Although the collective bargaining agreement between the employer and the union was silent on employee breaks, since at least 2005, the employer maintained a written employee break policy providing for a 15-minute break in the morning and a 15-minute break in the afternoon, subject to jobsite managerial discretion. In 2012, however, the employer amended its employee break by eliminating the default 15-minute breaks and stating that “[the employer] may establish specific break policies as part of the jobsite expectations.” After a number of employees complained to the union that the employer ceased permitting afternoon breaks and early departures in lieu of breaks, the union filed an unfair labor practice charge.
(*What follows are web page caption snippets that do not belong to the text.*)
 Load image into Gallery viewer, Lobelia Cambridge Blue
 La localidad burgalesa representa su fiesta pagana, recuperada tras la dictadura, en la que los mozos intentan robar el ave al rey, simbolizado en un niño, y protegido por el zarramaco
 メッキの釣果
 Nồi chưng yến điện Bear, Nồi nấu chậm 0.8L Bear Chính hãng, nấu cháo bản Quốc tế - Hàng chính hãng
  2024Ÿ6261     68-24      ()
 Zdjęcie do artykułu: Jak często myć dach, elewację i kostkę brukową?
Giving considerable deference to the Board, the Eighth Circuit concluded that the policy change was “material, substantial, and significant,” thus requiring the employer to bargain with the union. As the court explained:
To be sure, [the employer] retained discretion to override the two-break standard if the particular ‘jobsite expectations’ so required, but under the 2005 Break Policy, that discretion would be exercised as an exception to the default rule. The 2012 Break Policy, by contrast, eliminated the default rule with respect to employee breaks and instead granted [the employer] unfettered discretion to determine whether employee breaks would be permitted at all, and, if they were permitted, when they would occur and how long they would last.
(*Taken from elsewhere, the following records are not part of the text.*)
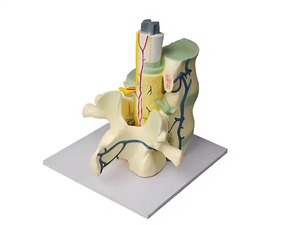 Модель части позвоночника человека - fgospostavki.ru - Чита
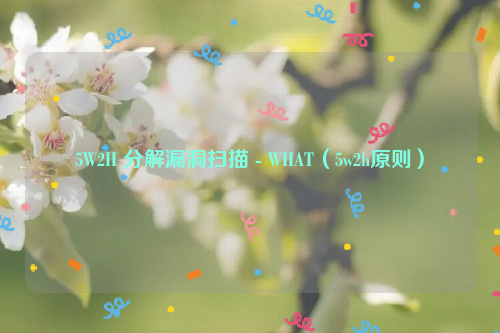 5W2H 分解漏洞扫描 - WHAT（5w2h原则）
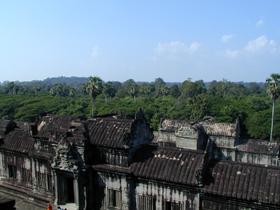 Blick von oben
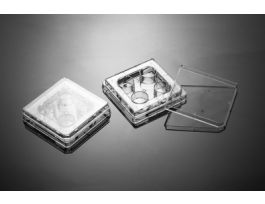 CULTURE PLATES TREATED4 WELLS ST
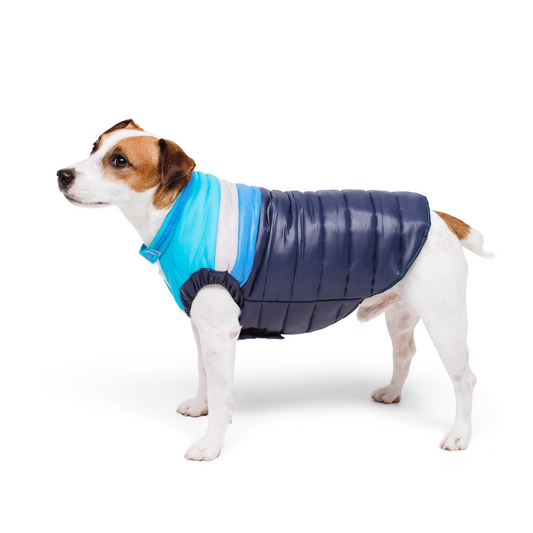 The Bundled Bark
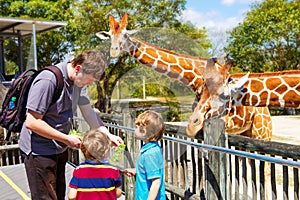Two little kids boys and father watching and feeding giraffe in zoo. Happy children, family having fun with animals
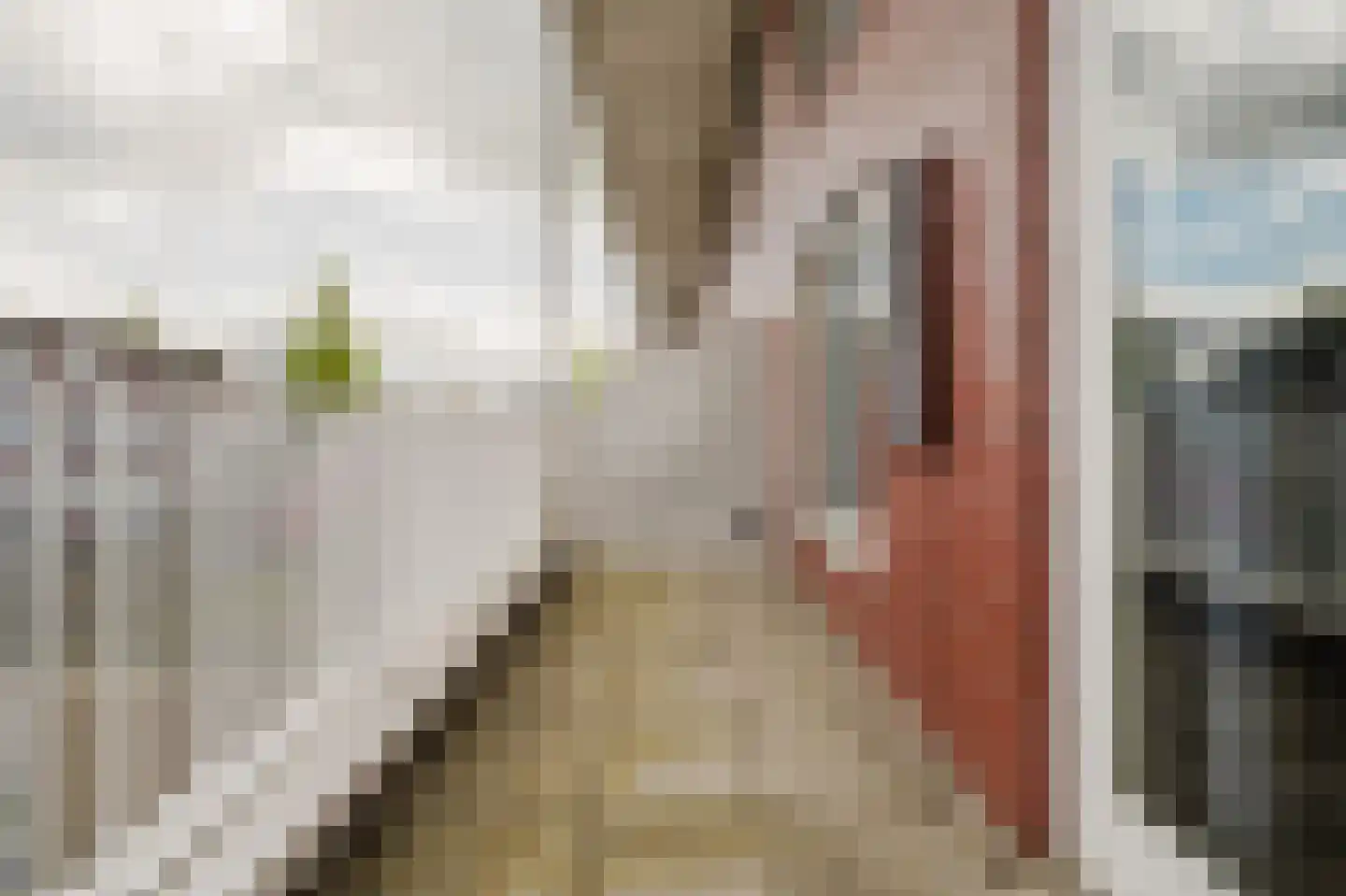 N. Stampioenstraat 4 Spijkenisse thumbnail 24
In other words, while the 2005 break policy provided employees with a “specific, concrete standard,” the 2012 break policy left the determination of breaks entirely to management.
The Eighth Circuit also rejected the employer’s argument that the 2012 break policy was nothing more than a clarification of the company’s standard practice under the former policy. Again deferring to the Board’s findings, the Eight Circuit noted that “the Board credited evidence and testimony that, prior to 2012, the typical practice at [the employer’s] jobsites was to follow the default standard set forth in the 2005 Break Policy.” In the end, the court denied the employer’s petition for review and granted the Board’s petition for enforcement of its order.